Johnson had 16 points to lead Arizona. He added five rebounds and four assists. Teammate T.J. McConnell had 11 points, eight rebounds and four assists.
All wasn't perfect for Johnson, though, as he missed a free throw with 33 seconds left to give Stanford a shot at a tie. He then came back with 5.8 seconds left and hit two free throws for the game's final points.
When Chasson Randle raced down and attempted a 3-pointer and missed, it was over. Stanford's bid to beat Arizona for the third time as the top-ranked team was gone.
What else but a down-to-the-wire game? It usually happens at Maples Pavilion, where Arizona need a miracle or two to pull off past victories.

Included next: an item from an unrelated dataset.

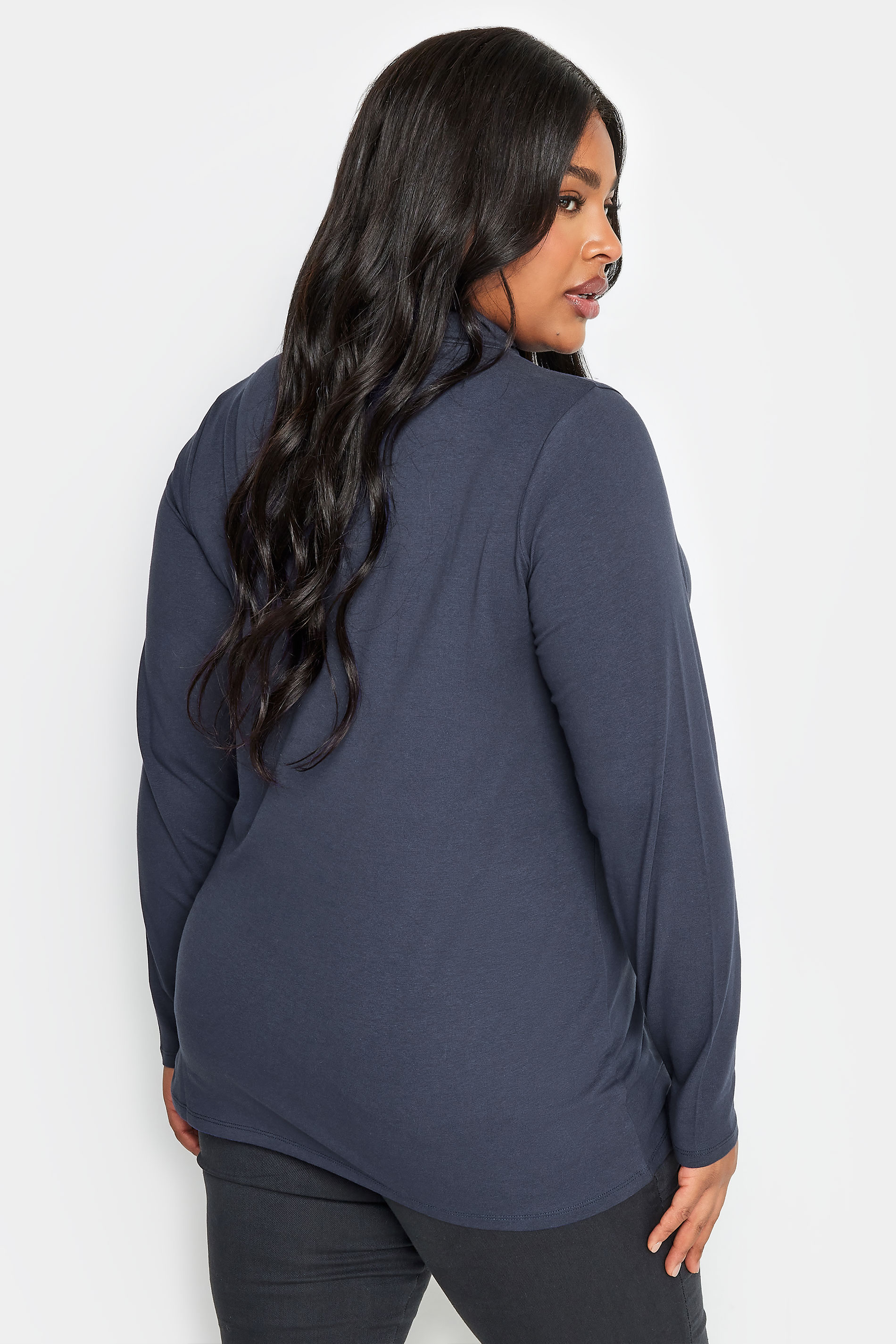 YOURS Plus Size Navy Blue Long Sleeve Turtle Neck Top | Yours Clothing 3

Khalid Reeves raced the length of the court in the early 1990s to give Arizona a last-second win; Michael Wright hit a last-second basket in the early 2000s; and Damon Stoudamire, now an assistant coach, had to score 45 points in an overtime win.
Stanford has always been tough for Arizona. Wednesday night was no different.

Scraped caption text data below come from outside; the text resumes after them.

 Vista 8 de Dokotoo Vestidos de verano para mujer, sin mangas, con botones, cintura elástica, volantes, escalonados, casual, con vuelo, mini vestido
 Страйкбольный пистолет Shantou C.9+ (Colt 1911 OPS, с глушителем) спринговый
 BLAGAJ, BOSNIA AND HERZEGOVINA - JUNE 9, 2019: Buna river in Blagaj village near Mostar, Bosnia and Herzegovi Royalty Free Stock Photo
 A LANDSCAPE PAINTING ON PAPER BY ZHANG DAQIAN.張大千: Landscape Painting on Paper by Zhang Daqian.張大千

"I credit Stanford because I thought they had a good game plan," Miller said. "They've got great experience and size on the court. The way they decided to play us, we needed to make a few more perimeter shots.
"When we got to the foul line, we needed to convert."

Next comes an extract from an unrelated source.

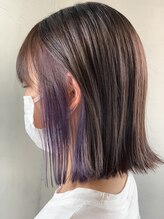 アルジェント(argento.) 切りっぱなし外ハネボブ/イヤリングラベンダーカラー
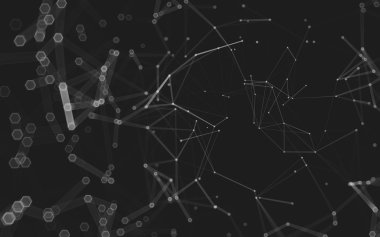 Çokgen alanı düşük Poli koyu arka plan, 3d render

Arizona hit 18 of 29 free throw, or just enough to get by. It's been Arizona's most noticeable problem so far this year; the Wildcats went into the game hitting just 64 percent from the line.
"If we would have converted more from the foul line, the game would have felt differently from start to finish," Miller said. "Our guys have a lot of resiliency. Nick Johnson's plays at the end were as big as you come up with, especially in conference play."
Arizona's offense was out of sync early. The Wildcats missed seven of their first eight shots and was down again to begin the game.
"There were times, although I'd like to give Stanford all the credit defensively, we didn't just struggle because we didn't hit open shots or free throws, but we didn't execute at times as well as we could have all season long," Miller said.
But the defense remained solid. Stanford hit just 31 percent of its shots in the second half, keeping Arizona close. Stanford missed 12 of its final 13 shots and didn't score a field goal in the final 1:21.
"We just turned it up a notch," Miller said about his team's defense. "I thought Aaron (Gordon) and Rondae (Hollis-Jefferson)'s length (was helpful). I thought Brandon Ashley did an excellent job."
Miller said he spoke to Ashley after the game to remind him he is constantly needed with rebounds.
"He didn't have his typical impact, but he stepped up and really played an excellent second half," Miller said. "Most of his points and all of his rebounds came in the last 20 minutes."
Miller said his team must be "cleaner" in its next game vs. California on Saturday.
"Eventually we will do ourselves in when scoring in the 50s and low 60s," Miller said. "We have to be able to score more."